Last week, I showed a small, 2-seater aircraft in 1:48th scale that I intend to use for Pulp wargaming: the Avia BH-11. Whilst this will be useful, I really need an airliner for my next intended scenario. However, an iconic 1930s plane such as the DC-3 has a wingspan of 95 feet. At 1:48 scale, that's very close to 2 feet (60cm) across! A German Ju-52 trimotor has almost exactly the same dimensions, so that's no better.
On a 3' gaming table, a 2' wide model would dominate, leaving little room for anything else. Equally, the cost of such a large kit and the storage requirements of the completed model are offputting. So, what to do?
Instead of looking for a medium-sized airliner such as the DC-3, I decided to search for much smaller twin-motor craft. Here's one that I found...
The Beech Model 18
The Beech Model 18 (also known as the "Twin Beech", or "C-45 Expeditor" when in USAAF service) was a small transport aircraft that was produced in surprisingly large numbers. It typically carried about 7 passengers (compared to the DC-3's capacity of 30 or so). The Model 18 first flew in 1937, so it just about fits in the Interwar period that I desire for Pulp adventures.
Because the original is a relatively small craft, the 1:48th scale model has a wingspan of marginally under 1 foot (30cm). That's much more manageable on a wargames table! I've included a 28mm figure for comparison purposes, as well as a home made set of steps.
So, what can I tell you about this model?
- It's built from a kit by ICM, though I believe that Revell have also released a kit from the same tooling.
- The kit is fairly easy to find online; there are a number of sellers who offer it. I paid around £20 for mine, which is significant but not prohibitive. Your circumstances may differ, of course.
- The interior is fully detailed, with instrument panels, controls and seats. Normally, I would assemble a model fully before undercoating, painting and sealing it. In this case, I had to paint the sections separately before final assembly - and then fill & touch up the paint around the joints.
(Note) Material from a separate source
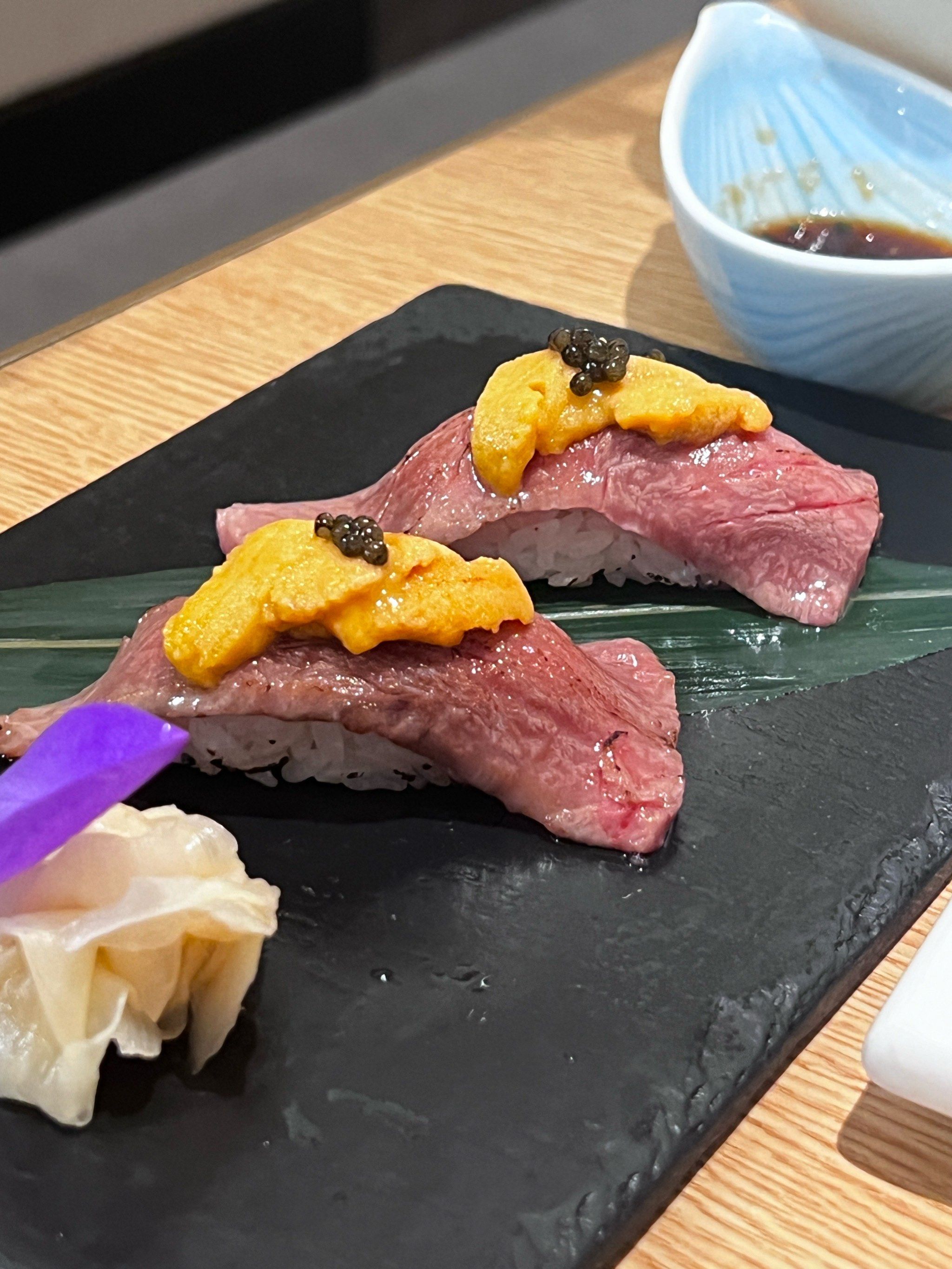 入口即化的和牛海胆寿司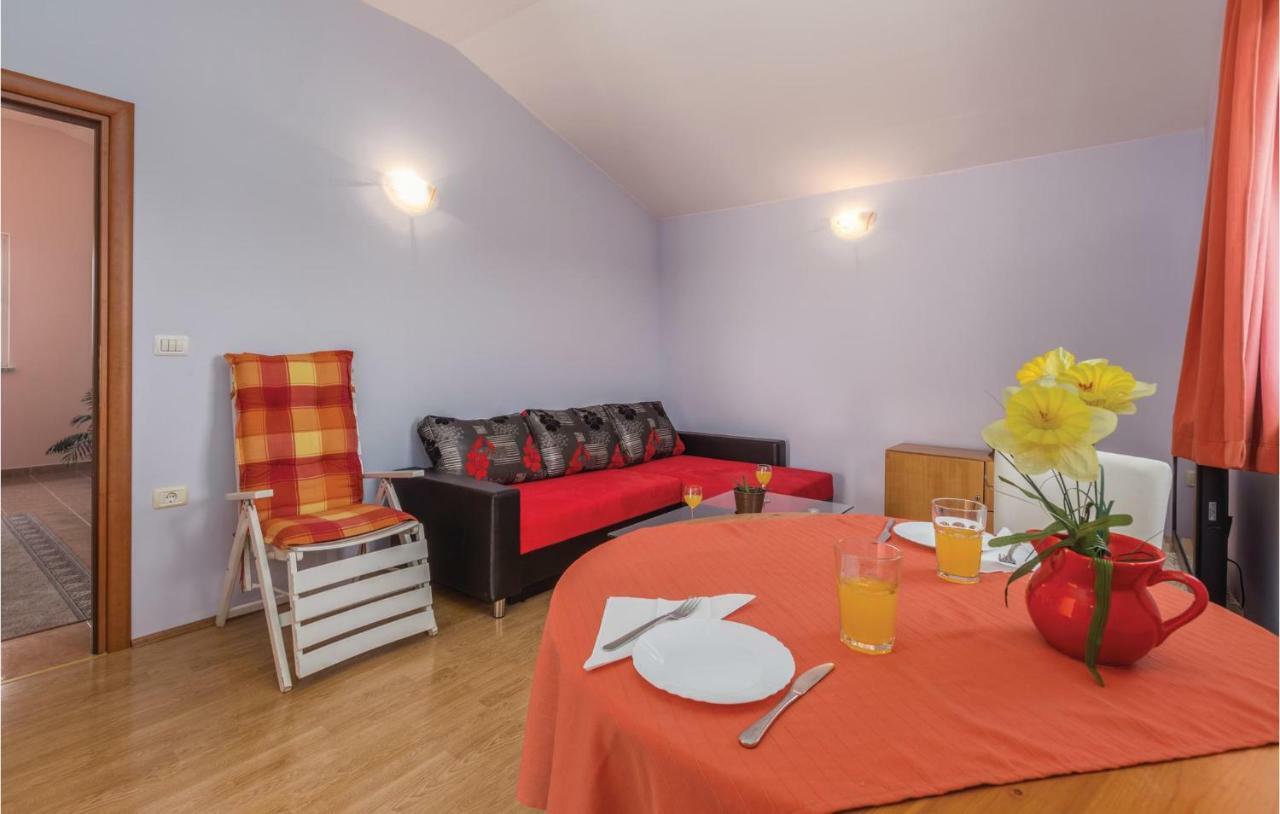 Nice Apartment In Kastel With Kitchen Eksteriør billede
- No crew figures come with the ICM kit (& probably not with the Revell one either, I imagine). However, I added a pilot from another kit. He's just about visible in the left hand, front seat. Apparently it's convention for the pilot to sit in the left seat for a fixed wing aircraft, but the right seat in a helicopter!
- I've cut down the propellers and added "spinning disks" instead, as I want my model to be preparing for take-off. Opinions in the scale modeller world on the effectiveness of this technique seem to be fairly negative, but it works for me.
- For the most part, the pieces fitted together well. However, two area were problematic.
Firstly, the seats had some very thin and brittle parts (the frames/legs). I broke quite a few of these when trying to cut them from the sprue and even had to replace one shattered seat frame completely with wire. Fortunately (or unfortunately, considering the amount of effort I put into these), the passenger seats can't really be seen inside the completed model.
Secondly, the undercarriage is composed of a large number of spindly struts. Assembly of this was complex and I think that these are easily the most fragile part of the plane.
- I haven't fitted radio aerials to the model; these would probably be in the way when wargaming and don't add hugely to the overall appearance.
- The colour scheme and markings are entirely fictitious and my own work, though I did take inspiration from some real life airlines.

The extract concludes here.